En el gran acervo dulcero de México sobresalen los raspados de colores y sabores varios, las nieves y paletas heladas artesanales de frutas, los famosos “bolis”, congelados, que eran aguas azucaradas con colorantes y saborizantes con los que nos “refrescábamos”, los mangos y las rebanadas de piña con chile, las “jicaletas”, las manzanas con caramelo; los churros de tendejón, espolvoreados con azúcar, son los mejores; los buñuelos con miel de piloncillo perfumada con cáscara de naranja o con guayaba; el “queso de tuna” de San Luis Potosí, los algodones de azúcar, el pinole con sabor a canela, higos y otras frutas cristalizadas, las coloridas “rebanadas” de fruta hechas con agar-agar, los pirulíes con combinaciones de colores y afiladas puntas nocivas para los paladares; las sabrosas Glorias de Linares, los jamoncillos y figuritas de pepita, la cada vez más olvidada “azúcar candy” que se vendía en cristales de azúcar cristalizada atravesados por cordones, etc.
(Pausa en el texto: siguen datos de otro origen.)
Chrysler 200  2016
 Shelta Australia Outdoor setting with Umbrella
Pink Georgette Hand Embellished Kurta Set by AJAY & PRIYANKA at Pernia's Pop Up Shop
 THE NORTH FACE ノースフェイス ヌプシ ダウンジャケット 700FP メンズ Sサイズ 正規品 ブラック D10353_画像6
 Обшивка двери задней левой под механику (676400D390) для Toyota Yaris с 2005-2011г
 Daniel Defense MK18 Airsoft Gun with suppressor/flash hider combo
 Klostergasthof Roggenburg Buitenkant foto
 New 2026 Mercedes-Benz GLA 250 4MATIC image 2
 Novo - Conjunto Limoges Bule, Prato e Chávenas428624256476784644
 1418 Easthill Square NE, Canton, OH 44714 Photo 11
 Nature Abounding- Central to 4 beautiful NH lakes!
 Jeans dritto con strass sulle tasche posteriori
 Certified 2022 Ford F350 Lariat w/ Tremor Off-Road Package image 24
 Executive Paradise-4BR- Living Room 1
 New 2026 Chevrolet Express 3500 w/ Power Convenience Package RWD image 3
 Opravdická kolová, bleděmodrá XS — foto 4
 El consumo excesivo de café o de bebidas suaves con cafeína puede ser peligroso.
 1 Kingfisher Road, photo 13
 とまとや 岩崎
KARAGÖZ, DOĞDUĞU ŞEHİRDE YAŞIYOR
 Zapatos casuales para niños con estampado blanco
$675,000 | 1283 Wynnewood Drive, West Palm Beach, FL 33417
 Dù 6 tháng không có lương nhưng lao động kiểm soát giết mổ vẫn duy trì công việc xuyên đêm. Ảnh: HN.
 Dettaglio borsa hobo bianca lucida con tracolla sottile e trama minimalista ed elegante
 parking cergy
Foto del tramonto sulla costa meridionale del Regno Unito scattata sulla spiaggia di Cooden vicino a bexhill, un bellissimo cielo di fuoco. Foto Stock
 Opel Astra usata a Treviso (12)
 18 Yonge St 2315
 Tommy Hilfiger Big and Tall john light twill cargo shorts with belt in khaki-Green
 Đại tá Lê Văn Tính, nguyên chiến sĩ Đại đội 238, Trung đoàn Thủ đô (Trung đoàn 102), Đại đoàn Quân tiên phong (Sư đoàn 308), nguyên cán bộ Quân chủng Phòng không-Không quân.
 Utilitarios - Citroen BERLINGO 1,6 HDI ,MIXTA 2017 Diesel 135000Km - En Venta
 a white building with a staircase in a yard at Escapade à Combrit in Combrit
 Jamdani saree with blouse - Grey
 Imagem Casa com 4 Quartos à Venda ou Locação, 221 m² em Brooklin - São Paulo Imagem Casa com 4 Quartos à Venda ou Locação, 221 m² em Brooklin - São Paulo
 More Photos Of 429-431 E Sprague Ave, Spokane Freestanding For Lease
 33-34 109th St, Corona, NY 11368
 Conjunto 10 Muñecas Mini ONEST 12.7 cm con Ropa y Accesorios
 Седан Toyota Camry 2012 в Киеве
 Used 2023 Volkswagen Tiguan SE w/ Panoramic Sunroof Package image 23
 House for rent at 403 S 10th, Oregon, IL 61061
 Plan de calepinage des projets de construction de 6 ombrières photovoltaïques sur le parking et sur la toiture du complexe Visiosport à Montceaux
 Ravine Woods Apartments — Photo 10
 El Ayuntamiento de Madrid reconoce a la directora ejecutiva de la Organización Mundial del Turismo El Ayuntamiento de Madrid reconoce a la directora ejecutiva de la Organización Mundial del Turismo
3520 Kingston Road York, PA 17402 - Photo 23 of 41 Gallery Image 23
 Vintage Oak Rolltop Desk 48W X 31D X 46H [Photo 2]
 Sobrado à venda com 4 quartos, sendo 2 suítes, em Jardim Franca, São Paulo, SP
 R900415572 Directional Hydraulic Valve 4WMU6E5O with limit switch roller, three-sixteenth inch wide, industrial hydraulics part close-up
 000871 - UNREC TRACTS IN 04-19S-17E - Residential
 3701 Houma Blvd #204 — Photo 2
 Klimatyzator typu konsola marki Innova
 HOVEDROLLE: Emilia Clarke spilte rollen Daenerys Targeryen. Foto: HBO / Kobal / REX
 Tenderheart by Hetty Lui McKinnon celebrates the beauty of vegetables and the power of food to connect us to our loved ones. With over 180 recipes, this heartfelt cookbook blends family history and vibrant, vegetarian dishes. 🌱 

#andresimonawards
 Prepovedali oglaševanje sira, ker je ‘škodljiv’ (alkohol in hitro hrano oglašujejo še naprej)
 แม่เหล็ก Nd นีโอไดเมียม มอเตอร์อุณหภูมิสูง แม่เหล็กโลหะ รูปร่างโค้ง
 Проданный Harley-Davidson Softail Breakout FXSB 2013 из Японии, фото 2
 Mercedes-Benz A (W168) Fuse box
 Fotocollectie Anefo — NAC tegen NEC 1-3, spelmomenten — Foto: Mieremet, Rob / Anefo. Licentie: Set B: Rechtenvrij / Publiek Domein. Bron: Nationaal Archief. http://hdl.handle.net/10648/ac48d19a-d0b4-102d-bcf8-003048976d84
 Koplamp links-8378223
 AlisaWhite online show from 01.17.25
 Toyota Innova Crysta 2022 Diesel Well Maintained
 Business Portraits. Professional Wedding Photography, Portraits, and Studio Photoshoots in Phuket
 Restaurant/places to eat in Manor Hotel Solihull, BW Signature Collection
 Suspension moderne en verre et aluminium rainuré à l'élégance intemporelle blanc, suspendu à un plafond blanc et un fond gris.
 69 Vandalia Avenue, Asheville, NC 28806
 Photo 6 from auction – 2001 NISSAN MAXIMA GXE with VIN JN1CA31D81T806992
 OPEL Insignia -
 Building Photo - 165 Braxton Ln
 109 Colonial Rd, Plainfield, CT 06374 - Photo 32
Entre los dulces industriales baratos y conocidos están los caramelos de piña y grosella, las peritas de anís, las almohaditas de menta, los dulces de hierbabuena, los diminutos aníses forrados de caramelo, los caramelos de azúcar cristalizada que contienen una pequeña porción de tamarindo; aún son solicitadas las “gomitas” de colores y sabores, las “lagrimitas” y “botellitas de azúcar” con jarabe en su interior, las “viboritas” de goma, los chiclosos de café, las paletas de malvavisco cubiertas con chocolate, los caramelos con trocitos de cacahuate, los “cigarros” de chocolate, los corazoncitos perfumados de tonos pastel, los chochitos que dejaban la lengua pintada, las “monedas” de chocolate o de chicle forradas con papel de estaño, los malvaviscos, los “toficos”, los pequeños chocolates cubiertos con gragea y mil golosinas más cuya lista exhaustiva se la dejo al amable lector.
Los “oritos” eran la envoltura de estaño de las barras de chocolate y de algunas paletas que quitábamos con cuidado, alisábamos y guardábamos entre las páginas de los libros para ser utilizadas en la elaboración de los picos de las piñatas tradicionales. Existieron tubitos de vidrio que contenían “chochitos tricolores” y que se usaban como cerbatanas con el peligro, por demás frecuente, de que se rompían y nos quedábamos con fragmentos en la boca. El exceso en la ingesta de dulces invariablemente nos llevaba directamente al consultorio del dentista y ahí la cosa se ponía difícil con las maniobras del facultativo y especialmente con el zumbido siniestro de su broca de tortura con la que remueve las caries. Creo que en este asunto del consumo de azúcar hay que irse con tiento, pero “ni tanto que queme al Santo, ni poco que no lo alumbre” porque el “gusanito” de la golosina es terco y voluntarioso.